Jean-Marc, comment se déroulent vos premières semaines à la tête du SM Caen ?
Je les vis de façon très, très agréable. Les Normands sont très gentils et j’ai un staff qui travaille de manière très positive depuis mon arrivée. Pierre-Antoine Capton (co-propriétaire du SM Caen) et Olivier Pickeu (président) m’ont également très bien accueilli. Je sens que je peux compter sur le soutien de l’ensemble du club.

Quel sentiment vous anime à l’idée de retrouver la Ligue 2 BKT ?
(rires) Vous me posez cette question parce que j’ai une étiquette d’entraîneur de Ligue 2 BKT. C’est un peu difficile à comprendre d’ailleurs car il y a des entraîneurs de Ligue 1 Uber Eats qui n’ont pas forcément fait mieux en termes de résultats… Mais, nous, les Français, on met des étiquettes aux gens. J’ai celle de celui qui est monté cinq fois en Ligue 1 Uber Eats (trois fois à la tête de l’ESTAC et deux autres avec le Stade Brestois et l’AJ Auxerre) mais qui ne s’est maintenu qu’une seule fois (en 2005/06 avec l'ESTAC).

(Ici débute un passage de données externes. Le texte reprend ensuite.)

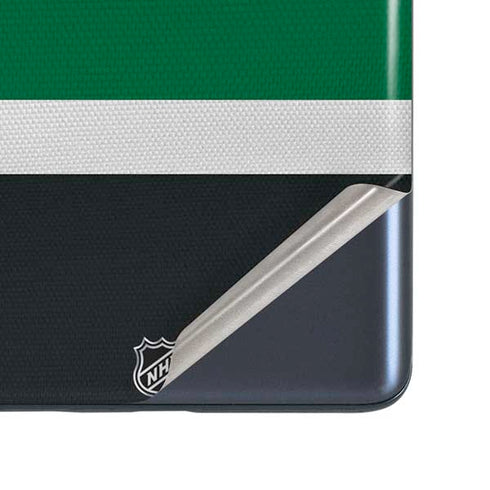 NHL Dallas Stars Jersey Galaxy S20 Fan Edition Skin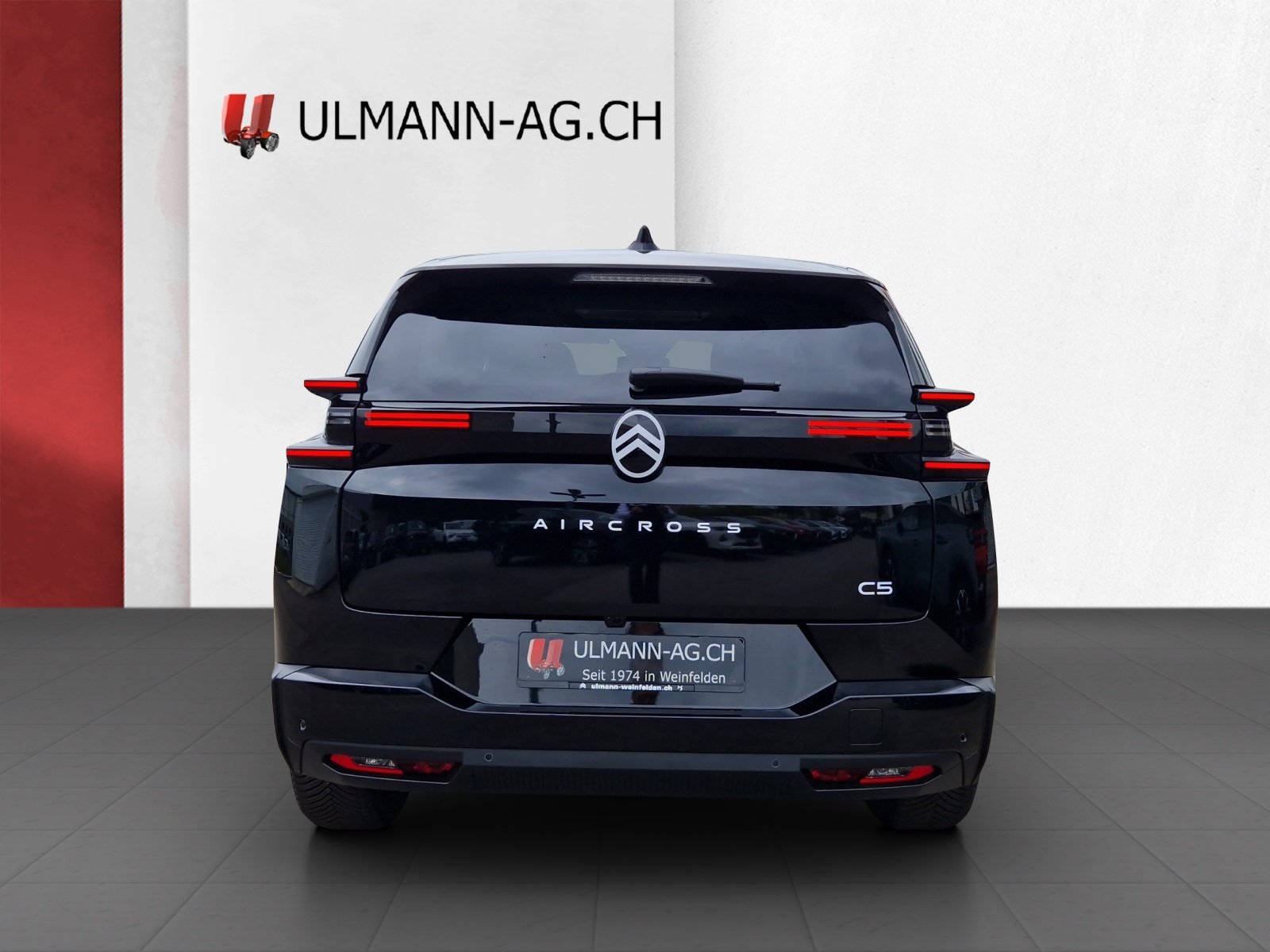 CITROEN C5 Aircross 1.6 Plug-in Hybrid MAX 225 PS mit Voll-Ausstattu, Plug-in-Hybrid Benzin/Elektro, Neuwagen, Automatik - 6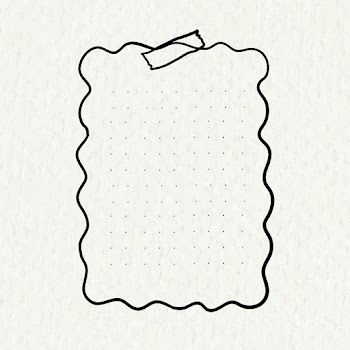 Digital note psd dot paper element in hand… | Free stock illustration | High Resolution graphic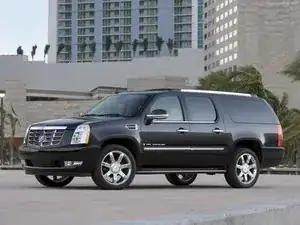 2007-2014 Cadillac Escalade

La Ligue 2 BKT est tout de même le championnat qui vous permet de davantage exprimer vos idées…
Oui. Quand tu es en Ligue 1 Uber Eats et que tu entraînes une équipe qui fait partie des huit ou neuf meilleures équipes françaises, tu te régales, sinon tu souffres beaucoup, tu es toujours dans le dur et il est difficile d’exprimer tes idées. Aujourd’hui, contrairement à l’époque où j’étais joueur, quasiment toutes les équipes de deuxième partie de tableau jouent le maintien. Mais pour revenir à la Ligue 2 BKT, la saison va être singulière.

C’est-à-dire ?
Avec le retour des Play-offs et les quatre descentes en National, tous les clubs vont être concernés par la course pour la montée ou la lutte pour le maintien. C’est une configuration du championnat que je n’ai jamais connue, tout comme la présence de clubs comme l’AS Saint-Etienne et les Girondins de Bordeaux. Ça va être un championnat de très haut niveau. Un championnat de folie.

« Énormément de joueurs m’appellent pour rejouer sous mes ordres »

Vous êtes arrivé au SM Caen sans vos habituels adjoints. Qu’est-ce que cela change au quotidien ?
Depuis mon arrivée, mes adjoints (Patrice Sauvaget et Denis Moutier) sont très réceptifs. Ils comprennent très vite et ont un haut niveau de compétence. Je suis très satisfait de mes premières semaines à leurs côtés. Après, il est évident que j’ai dû leur transmettre ma méthode, sachant que j’ai toujours moi-même constitué mes entraînements. Je mets en place toutes mes séances, ce qui n’est pas le cas de tous les coachs, mais j’estime que c’est mon rôle afin de transmettre au mieux ma vision du football.

Vous avez une nouvelle fois recruté plusieurs de vos anciens joueurs (Valentin Henry, Mathias Autret, Alexandre Coeff) et avez retrouvé Yoann Court. Sont-ils de bons transmetteurs de vos protocoles de jeu ?
Oui. Quand tu es entraîneur et que tu as connu certains joueurs, tu peux t'appuyer sur eux. Par rapport à ce que je vois à l’entraînement, comme je les ai eus pendant longtemps, ils transmettent très bien les informations auprès du groupe. Quand j’étais à Brest ou à Auxerre, j’en ai pris entre cinq et sept et ça te permet de plus vite pouvoir appliquer ton football, tes protocoles et facilite grandement le passage de messages. C’est pour cela qu’il m’en faut plusieurs.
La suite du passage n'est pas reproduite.